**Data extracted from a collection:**
==========

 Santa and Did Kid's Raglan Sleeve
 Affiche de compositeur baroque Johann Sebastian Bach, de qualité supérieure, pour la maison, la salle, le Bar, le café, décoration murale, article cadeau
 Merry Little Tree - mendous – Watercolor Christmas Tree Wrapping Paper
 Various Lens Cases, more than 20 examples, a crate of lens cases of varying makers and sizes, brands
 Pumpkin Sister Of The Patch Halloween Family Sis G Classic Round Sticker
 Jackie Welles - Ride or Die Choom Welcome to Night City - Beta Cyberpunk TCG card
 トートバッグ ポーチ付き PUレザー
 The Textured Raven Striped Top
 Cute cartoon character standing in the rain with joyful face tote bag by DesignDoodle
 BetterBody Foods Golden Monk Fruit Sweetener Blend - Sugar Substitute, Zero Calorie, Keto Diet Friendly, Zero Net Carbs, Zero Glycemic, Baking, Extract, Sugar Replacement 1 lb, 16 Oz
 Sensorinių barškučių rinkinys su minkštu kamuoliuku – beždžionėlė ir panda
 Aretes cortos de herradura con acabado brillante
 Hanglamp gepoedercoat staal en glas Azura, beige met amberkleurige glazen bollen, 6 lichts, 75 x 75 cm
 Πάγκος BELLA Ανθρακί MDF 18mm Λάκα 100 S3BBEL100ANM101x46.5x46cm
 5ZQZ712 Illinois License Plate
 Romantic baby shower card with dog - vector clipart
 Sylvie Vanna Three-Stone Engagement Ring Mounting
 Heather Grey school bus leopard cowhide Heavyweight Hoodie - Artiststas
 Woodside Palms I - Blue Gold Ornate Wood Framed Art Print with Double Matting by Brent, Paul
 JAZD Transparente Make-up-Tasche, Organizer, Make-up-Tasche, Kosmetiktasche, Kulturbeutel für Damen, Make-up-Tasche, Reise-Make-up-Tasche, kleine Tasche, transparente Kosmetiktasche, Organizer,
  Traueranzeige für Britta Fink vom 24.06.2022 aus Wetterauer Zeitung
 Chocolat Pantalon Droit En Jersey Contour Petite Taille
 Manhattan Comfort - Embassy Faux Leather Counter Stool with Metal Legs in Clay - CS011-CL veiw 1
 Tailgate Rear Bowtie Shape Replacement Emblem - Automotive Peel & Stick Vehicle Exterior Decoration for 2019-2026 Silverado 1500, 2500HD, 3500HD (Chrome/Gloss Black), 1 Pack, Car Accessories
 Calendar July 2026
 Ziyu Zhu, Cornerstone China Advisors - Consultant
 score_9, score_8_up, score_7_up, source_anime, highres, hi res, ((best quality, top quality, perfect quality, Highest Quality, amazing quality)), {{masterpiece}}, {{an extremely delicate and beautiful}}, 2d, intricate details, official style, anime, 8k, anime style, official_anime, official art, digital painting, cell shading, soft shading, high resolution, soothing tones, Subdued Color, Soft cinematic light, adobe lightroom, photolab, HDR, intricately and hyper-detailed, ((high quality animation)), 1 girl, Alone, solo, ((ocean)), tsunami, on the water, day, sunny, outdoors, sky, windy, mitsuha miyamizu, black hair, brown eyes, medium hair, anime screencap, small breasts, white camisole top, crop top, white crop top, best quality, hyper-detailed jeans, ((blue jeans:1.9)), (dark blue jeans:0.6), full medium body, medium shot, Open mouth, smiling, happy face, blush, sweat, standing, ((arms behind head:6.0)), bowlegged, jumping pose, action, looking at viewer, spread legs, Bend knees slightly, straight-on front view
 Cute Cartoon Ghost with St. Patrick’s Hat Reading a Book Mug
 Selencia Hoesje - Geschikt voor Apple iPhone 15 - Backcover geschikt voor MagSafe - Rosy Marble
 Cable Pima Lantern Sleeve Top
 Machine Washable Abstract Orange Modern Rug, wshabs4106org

==========

Each line above is to be copied exactly as written.

 Santa and Did Kid's Raglan Sleeve
 Affiche de compositeur baroque Johann Sebastian Bach, de qualité supérieure, pour la maison, la salle, le Bar, le café, décoration murale, article cadeau
 Merry Little Tree - mendous – Watercolor Christmas Tree Wrapping Paper
 Various Lens Cases, more than 20 examples, a crate of lens cases of varying makers and sizes, brands
 Pumpkin Sister Of The Patch Halloween Family Sis G Classic Round Sticker
 Jackie Welles - Ride or Die Choom Welcome to Night City - Beta Cyberpunk TCG card
 トートバッグ ポーチ付き PUレザー
 The Textured Raven Striped Top
 Cute cartoon character standing in the rain with joyful face tote bag by DesignDoodle
 BetterBody Foods Golden Monk Fruit Sweetener Blend - Sugar Substitute, Zero Calorie, Keto Diet Friendly, Zero Net Carbs, Zero Glycemic, Baking, Extract, Sugar Replacement 1 lb, 16 Oz
 Sensorinių barškučių rinkinys su minkštu kamuoliuku – beždžionėlė ir panda
 Aretes cortos de herradura con acabado brillante
 Hanglamp gepoedercoat staal en glas Azura, beige met amberkleurige glazen bollen, 6 lichts, 75 x 75 cm
 Πάγκος BELLA Ανθρακί MDF 18mm Λάκα 100 S3BBEL100ANM101x46.5x46cm
 5ZQZ712 Illinois License Plate
 Romantic baby shower card with dog - vector clipart
 Sylvie Vanna Three-Stone Engagement Ring Mounting
 Heather Grey school bus leopard cowhide Heavyweight Hoodie - Artiststas
 Woodside Palms I - Blue Gold Ornate Wood Framed Art Print with Double Matting by Brent, Paul
 JAZD Transparente Make-up-Tasche, Organizer, Make-up-Tasche, Kosmetiktasche, Kulturbeutel für Damen, Make-up-Tasche, Reise-Make-up-Tasche, kleine Tasche, transparente Kosmetiktasche, Organizer,
  Traueranzeige für Britta Fink vom 24.06.2022 aus Wetterauer Zeitung
 Chocolat Pantalon Droit En Jersey Contour Petite Taille
 Manhattan Comfort - Embassy Faux Leather Counter Stool with Metal Legs in Clay - CS011-CL veiw 1
 Tailgate Rear Bowtie Shape Replacement Emblem - Automotive Peel & Stick Vehicle Exterior Decoration for 2019-2026 Silverado 1500, 2500HD, 3500HD (Chrome/Gloss Black), 1 Pack, Car Accessories
 Calendar July 2026
 Ziyu Zhu, Cornerstone China Advisors - Consultant
 score_9, score_8_up, score_7_up, source_anime, highres, hi res, ((best quality, top quality, perfect quality, Highest Quality, amazing quality)), {{masterpiece}}, {{an extremely delicate and beautiful}}, 2d, intricate details, official style, anime, 8k, anime style, official_anime, official art, digital painting, cell shading, soft shading, high resolution, soothing tones, Subdued Color, Soft cinematic light, adobe lightroom, photolab, HDR, intricately and hyper-detailed, ((high quality animation)), 1 girl, Alone, solo, ((ocean)), tsunami, on the water, day, sunny, outdoors, sky, windy, mitsuha miyamizu, black hair, brown eyes, medium hair, anime screencap, small breasts, white camisole top, crop top, white crop top, best quality, hyper-detailed jeans, ((blue jeans:1.9)), (dark blue jeans:0.6), full medium body, medium shot, Open mouth, smiling, happy face, blush, sweat, standing, ((arms behind head:6.0)), bowlegged, jumping pose, action, looking at viewer, spread legs, Bend knees slightly, straight-on front view
 Cute Cartoon Ghost with St. Patrick’s Hat Reading a Book Mug
 Selencia Hoesje - Geschikt voor Apple iPhone 15 - Backcover geschikt voor MagSafe - Rosy Marble
 Cable Pima Lantern Sleeve Top
 Machine Washable Abstract Orange Modern Rug, wshabs4106org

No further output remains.